TASK DIRECTIONS
Your answer must consist of every line from the data below that includes the word "Nissan".

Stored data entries

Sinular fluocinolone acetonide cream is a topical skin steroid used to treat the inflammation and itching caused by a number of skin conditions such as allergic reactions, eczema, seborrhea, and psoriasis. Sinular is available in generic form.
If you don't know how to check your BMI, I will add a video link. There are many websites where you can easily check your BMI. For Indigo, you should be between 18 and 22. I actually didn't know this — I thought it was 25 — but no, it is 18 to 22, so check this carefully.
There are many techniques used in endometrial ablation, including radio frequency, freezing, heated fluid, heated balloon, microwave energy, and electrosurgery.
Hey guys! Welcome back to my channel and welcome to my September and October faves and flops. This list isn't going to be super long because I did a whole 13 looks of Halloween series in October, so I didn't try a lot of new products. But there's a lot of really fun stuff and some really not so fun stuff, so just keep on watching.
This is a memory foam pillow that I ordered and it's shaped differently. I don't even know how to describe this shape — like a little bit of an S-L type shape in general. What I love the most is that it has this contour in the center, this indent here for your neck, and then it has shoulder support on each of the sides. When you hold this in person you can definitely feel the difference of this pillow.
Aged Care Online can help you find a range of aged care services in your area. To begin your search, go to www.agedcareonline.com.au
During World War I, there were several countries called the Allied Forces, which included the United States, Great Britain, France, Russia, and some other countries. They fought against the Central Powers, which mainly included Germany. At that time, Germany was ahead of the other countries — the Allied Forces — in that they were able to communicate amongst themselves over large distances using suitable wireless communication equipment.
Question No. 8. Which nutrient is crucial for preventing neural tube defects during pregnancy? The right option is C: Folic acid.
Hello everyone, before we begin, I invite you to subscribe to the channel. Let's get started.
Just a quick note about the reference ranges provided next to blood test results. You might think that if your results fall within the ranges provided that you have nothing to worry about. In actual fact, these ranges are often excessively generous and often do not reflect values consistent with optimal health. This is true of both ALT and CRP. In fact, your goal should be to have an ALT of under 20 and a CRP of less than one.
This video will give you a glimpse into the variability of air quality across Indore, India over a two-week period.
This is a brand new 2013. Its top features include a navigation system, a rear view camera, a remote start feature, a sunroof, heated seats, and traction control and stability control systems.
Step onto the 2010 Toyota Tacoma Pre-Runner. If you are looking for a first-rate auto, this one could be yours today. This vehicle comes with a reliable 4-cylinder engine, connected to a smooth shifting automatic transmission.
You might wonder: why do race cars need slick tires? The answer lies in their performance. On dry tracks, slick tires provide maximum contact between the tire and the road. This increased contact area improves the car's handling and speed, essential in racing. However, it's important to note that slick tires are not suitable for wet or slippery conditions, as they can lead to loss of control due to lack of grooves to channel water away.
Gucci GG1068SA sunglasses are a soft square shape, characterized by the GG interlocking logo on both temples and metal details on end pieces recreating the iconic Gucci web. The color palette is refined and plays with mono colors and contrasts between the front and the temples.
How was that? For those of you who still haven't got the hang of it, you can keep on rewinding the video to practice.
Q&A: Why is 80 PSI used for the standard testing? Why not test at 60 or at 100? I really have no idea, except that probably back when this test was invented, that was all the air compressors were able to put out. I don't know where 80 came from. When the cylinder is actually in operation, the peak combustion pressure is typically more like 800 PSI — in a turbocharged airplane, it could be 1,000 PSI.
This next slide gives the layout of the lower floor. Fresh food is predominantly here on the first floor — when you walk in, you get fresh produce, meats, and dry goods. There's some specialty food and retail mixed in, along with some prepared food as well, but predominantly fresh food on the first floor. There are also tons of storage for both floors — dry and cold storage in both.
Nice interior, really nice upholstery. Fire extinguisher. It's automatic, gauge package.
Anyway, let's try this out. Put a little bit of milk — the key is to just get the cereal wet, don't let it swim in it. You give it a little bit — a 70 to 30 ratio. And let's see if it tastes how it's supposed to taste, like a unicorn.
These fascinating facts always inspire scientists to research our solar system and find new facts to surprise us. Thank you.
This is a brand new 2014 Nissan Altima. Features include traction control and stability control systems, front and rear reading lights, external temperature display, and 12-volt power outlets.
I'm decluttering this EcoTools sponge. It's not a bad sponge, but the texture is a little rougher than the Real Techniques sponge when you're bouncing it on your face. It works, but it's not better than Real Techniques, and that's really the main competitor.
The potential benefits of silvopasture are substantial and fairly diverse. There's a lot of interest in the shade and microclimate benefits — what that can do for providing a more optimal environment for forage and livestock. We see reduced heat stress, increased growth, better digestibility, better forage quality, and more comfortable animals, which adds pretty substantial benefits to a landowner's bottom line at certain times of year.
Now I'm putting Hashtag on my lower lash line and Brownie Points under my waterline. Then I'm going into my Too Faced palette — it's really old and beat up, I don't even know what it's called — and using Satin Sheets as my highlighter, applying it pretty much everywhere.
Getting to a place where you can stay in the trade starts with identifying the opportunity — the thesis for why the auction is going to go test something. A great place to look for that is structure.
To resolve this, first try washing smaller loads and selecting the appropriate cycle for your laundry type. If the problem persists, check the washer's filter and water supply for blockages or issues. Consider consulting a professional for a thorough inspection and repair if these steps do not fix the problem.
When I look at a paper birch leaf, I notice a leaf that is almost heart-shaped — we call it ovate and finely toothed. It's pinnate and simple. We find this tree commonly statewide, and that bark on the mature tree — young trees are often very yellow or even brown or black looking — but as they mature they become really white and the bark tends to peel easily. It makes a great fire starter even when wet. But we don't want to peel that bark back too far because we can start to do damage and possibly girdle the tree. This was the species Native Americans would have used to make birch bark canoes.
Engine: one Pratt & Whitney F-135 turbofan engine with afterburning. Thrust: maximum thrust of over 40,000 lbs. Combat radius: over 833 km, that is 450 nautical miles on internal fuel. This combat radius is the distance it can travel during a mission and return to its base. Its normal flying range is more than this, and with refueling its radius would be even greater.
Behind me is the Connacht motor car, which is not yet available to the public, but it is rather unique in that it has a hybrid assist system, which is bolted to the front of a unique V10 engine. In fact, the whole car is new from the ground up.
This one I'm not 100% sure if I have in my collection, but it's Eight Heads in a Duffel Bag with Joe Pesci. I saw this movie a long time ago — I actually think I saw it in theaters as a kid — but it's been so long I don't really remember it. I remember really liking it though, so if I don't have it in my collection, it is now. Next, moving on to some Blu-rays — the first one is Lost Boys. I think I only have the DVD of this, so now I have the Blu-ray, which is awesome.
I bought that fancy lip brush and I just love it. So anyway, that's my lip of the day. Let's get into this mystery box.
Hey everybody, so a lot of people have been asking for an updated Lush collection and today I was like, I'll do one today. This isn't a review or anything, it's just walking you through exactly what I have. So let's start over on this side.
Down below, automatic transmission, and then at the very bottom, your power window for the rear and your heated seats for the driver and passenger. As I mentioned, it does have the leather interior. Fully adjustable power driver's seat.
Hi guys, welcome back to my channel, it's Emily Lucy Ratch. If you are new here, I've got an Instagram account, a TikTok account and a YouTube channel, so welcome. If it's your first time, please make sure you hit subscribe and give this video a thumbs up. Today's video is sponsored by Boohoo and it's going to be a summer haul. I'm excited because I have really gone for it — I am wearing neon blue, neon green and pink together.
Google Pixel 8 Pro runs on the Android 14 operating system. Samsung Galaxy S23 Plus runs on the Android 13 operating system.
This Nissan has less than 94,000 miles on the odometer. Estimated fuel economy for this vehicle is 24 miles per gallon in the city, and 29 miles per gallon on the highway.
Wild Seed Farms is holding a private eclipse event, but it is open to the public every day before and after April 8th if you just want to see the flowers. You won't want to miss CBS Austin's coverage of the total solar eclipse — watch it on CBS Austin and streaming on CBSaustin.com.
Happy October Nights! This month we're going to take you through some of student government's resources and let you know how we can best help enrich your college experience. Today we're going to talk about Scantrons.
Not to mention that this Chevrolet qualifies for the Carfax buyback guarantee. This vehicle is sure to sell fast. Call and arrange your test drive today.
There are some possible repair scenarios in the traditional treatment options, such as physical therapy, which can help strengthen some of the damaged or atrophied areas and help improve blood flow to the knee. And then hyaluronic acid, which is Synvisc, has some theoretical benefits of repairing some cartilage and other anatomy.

REPLY
This is a brand new 2014 Nissan Altima. Features include traction control and stability control systems, front and rear reading lights, external temperature display, and 12-volt power outlets.
This Nissan has less than 94,000 miles on the odometer. Estimated fuel economy for this vehicle is 24 miles per gallon in the city, and 29 miles per gallon on the highway.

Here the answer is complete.